Bugün, gölge ülkelerin talimatıyla idare edilen, yaşam mücadelesi veren bir bütün olarak Irak halkı her gün bir yeni katliama maruz kalmaktadır. Dün IŞİD belasından kurtulan Telafer, Musul vd. bölgelerde sivil İnsanlarımızın yaşadıkları her yerde masum insanları kanı boşu boşuna dökülürken, dünyanın bu olaylara sessiz kalması bir hayli temiz vicdanları kara kara düşündürüyor.
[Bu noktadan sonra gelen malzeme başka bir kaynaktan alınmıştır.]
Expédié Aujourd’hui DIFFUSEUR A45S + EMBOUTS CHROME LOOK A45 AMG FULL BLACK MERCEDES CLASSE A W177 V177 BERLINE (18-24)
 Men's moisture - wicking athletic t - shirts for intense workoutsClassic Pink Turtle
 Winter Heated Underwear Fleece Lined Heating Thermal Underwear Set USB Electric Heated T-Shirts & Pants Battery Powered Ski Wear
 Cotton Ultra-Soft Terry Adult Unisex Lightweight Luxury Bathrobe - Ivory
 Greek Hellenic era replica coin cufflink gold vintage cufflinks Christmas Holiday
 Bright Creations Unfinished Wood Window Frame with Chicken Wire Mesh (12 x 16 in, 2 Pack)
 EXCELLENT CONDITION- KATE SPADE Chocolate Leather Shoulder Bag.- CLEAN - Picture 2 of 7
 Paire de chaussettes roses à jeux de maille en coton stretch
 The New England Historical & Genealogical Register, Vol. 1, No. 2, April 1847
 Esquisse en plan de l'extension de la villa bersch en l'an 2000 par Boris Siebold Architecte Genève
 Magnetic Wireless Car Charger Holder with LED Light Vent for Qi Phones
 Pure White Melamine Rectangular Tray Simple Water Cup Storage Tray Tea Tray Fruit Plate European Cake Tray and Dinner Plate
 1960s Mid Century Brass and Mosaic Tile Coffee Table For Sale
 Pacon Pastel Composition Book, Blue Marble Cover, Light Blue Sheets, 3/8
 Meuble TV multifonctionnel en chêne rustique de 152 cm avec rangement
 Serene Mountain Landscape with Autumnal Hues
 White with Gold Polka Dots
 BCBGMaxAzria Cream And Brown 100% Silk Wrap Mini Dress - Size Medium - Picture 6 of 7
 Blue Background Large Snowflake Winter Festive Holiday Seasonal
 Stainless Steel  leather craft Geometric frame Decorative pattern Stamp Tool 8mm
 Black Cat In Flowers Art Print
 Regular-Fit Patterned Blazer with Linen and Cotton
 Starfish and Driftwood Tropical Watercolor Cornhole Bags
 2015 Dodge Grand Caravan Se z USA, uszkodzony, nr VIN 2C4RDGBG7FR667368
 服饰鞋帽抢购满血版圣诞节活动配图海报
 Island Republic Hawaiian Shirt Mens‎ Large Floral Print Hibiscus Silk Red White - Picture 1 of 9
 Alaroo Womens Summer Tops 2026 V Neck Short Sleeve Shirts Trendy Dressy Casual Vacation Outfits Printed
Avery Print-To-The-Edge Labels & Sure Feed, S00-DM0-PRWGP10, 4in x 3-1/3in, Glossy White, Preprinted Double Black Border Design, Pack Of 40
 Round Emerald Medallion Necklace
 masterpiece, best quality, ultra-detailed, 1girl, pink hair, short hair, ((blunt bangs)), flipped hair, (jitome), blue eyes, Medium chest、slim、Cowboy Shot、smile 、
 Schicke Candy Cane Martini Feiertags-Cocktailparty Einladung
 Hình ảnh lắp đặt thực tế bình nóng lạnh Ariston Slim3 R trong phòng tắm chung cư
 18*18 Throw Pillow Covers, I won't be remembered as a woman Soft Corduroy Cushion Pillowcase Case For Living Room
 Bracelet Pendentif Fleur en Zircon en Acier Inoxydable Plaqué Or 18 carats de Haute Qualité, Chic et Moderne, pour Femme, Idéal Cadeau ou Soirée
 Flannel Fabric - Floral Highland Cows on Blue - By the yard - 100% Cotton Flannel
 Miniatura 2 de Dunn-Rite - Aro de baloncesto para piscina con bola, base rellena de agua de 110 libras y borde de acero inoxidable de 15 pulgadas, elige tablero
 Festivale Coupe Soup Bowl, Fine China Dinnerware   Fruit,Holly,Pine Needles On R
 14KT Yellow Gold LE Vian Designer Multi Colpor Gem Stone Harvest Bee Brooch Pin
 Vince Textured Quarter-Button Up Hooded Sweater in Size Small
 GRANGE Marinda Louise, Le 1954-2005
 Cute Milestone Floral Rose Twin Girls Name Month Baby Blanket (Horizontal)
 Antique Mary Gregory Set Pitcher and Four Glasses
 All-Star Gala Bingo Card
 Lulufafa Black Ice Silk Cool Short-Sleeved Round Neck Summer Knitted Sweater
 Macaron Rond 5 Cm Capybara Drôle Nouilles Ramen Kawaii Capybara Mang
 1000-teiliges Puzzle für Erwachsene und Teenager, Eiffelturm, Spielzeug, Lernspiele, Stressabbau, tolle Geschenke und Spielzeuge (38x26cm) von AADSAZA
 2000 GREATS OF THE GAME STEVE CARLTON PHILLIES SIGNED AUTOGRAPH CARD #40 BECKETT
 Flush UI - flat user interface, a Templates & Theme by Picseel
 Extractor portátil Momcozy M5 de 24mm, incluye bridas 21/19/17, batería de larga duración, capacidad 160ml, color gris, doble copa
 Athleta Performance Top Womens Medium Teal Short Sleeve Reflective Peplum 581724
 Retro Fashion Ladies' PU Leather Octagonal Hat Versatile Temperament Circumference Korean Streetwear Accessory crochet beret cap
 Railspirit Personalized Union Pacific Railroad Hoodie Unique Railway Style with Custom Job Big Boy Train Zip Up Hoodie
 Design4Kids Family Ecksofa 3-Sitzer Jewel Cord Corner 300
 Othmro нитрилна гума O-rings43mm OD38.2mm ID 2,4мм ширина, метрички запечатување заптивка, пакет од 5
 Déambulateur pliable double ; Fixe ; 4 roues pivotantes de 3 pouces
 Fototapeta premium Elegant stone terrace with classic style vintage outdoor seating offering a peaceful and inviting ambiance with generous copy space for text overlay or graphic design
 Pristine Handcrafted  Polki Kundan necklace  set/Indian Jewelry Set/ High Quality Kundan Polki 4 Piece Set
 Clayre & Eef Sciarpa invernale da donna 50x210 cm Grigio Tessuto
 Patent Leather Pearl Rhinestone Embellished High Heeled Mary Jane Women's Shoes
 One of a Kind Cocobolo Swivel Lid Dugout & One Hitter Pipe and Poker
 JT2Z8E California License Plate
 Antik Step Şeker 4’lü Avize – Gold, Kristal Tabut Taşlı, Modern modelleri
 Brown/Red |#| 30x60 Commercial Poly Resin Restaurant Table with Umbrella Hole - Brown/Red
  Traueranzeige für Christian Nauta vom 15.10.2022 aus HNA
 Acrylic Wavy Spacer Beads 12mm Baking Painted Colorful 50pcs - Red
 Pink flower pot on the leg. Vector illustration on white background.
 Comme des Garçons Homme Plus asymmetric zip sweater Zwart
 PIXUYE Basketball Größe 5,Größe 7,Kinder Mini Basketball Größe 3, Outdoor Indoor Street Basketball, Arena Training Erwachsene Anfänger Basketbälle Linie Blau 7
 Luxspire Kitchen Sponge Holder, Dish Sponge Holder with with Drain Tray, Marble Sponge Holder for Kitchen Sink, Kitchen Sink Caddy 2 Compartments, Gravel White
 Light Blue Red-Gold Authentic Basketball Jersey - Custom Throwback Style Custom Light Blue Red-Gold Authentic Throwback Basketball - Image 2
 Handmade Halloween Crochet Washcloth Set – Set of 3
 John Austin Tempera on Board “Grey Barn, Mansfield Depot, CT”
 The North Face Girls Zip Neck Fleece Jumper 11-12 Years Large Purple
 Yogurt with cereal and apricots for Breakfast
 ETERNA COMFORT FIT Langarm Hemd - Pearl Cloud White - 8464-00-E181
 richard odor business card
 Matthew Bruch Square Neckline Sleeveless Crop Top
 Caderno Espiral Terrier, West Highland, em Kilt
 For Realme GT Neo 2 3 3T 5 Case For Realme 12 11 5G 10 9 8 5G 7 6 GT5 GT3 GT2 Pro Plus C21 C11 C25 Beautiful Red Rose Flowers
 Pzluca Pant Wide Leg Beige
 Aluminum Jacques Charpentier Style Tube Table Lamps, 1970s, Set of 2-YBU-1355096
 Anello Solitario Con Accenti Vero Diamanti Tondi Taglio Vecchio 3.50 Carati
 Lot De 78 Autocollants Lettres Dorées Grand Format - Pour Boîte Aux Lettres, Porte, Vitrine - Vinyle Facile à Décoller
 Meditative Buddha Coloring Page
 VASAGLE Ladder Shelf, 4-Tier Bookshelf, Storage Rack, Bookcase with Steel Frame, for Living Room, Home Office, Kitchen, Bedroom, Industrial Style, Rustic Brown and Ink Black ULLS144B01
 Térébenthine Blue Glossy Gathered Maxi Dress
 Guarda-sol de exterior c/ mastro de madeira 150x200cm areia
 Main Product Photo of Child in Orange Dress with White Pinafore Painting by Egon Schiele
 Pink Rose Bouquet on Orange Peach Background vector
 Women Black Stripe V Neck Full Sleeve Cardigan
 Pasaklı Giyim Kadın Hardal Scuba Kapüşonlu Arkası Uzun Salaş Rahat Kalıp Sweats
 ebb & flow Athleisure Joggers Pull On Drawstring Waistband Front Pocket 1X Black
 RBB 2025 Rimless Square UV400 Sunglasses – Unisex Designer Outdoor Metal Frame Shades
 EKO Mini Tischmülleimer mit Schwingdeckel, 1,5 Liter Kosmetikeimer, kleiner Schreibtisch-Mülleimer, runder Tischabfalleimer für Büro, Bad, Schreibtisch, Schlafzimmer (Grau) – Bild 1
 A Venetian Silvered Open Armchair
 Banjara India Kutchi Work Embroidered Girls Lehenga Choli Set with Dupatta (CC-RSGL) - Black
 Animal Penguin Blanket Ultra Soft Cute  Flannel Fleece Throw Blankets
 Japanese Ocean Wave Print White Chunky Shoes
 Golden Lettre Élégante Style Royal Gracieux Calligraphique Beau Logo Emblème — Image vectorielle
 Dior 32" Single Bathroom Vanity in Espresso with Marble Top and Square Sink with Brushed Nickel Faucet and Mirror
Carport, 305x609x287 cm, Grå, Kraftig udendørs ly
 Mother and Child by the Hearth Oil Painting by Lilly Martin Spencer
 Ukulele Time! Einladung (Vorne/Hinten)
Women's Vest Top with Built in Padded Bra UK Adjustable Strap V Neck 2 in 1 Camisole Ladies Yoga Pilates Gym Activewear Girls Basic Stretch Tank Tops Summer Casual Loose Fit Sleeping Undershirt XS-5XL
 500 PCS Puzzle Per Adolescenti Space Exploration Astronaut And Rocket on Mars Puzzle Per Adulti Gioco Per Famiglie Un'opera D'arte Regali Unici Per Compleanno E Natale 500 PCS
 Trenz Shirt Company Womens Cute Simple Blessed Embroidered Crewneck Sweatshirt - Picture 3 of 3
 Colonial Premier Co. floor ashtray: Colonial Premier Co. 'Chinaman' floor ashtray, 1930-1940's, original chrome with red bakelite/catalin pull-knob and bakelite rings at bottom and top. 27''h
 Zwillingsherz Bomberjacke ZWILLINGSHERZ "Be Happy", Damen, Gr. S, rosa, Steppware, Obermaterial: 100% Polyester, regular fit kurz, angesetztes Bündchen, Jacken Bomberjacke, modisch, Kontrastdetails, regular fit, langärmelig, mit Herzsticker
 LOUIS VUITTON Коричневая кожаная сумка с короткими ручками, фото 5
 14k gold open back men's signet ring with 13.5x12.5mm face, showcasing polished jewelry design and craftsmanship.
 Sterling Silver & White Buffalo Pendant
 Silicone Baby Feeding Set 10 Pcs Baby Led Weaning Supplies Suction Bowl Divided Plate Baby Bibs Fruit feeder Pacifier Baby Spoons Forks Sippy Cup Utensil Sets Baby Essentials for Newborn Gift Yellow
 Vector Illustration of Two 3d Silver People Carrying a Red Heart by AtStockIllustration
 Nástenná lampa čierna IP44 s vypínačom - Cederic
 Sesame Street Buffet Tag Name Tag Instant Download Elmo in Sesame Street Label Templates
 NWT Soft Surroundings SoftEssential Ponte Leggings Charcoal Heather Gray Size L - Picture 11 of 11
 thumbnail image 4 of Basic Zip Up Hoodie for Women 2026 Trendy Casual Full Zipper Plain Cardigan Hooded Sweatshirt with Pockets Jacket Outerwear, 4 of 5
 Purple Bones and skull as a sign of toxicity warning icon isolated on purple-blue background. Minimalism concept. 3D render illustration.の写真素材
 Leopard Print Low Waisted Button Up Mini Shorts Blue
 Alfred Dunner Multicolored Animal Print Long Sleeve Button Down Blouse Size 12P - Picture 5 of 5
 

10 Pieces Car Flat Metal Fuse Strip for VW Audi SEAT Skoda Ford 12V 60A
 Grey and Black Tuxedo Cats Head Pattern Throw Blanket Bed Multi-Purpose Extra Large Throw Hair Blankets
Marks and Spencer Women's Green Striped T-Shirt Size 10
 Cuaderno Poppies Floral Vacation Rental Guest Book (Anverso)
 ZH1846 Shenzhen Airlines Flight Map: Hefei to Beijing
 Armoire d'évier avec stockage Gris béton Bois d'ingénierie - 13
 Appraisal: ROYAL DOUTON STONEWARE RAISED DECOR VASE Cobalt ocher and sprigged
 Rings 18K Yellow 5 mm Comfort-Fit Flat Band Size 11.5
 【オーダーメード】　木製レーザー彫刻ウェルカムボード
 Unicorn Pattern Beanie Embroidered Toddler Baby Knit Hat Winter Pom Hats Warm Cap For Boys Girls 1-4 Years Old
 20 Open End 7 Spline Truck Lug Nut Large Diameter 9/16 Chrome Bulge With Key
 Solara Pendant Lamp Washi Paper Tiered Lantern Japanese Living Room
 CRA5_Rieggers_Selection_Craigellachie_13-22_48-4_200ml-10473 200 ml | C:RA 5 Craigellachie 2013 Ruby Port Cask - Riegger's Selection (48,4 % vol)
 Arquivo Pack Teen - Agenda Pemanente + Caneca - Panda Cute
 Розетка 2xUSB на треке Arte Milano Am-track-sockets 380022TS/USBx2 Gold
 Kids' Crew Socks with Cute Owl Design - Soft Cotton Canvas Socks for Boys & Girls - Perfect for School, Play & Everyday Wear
Bir yandan düzmece seçimlerin kirli oyunları bir yandan Kerkük’ün demografik yapısının değiştirilmesi bir yandan da Irak Anayasasının 58., 140. Maddelerinin yeniden tartışmaya açılması ve üzerinde durulması, bölge halkının yeniden endişeye kapılmasına neden oluyor.
Dün Altınköprü topraklarında şehit düşen Türkmen insanlarımız bu gün yeniden şahlanıyorlar. Bu yükselişi içinde sindirmeyen bazı kinli guruplar şehitlerimiz için dikilen ANIT, Türkmeneli’nin yükselişini bir sembolüdür.
Altunköprü Katliamının üzerinden 30 yıl geçmesine rağmen Türkmenler hale varlık mücadelesi veriyorlar. Bir taraftan Demografik yapı ve tartışmalı bölgeler, bir taraftan iç meseleler, bir taraftan da Hükümette eşit temsil hakkı…
Tüm Türkmen şehitlerimizi saygıyla anar, bu uğurda canlarını feda edenlere Allah katında cennet mekanı dileriz.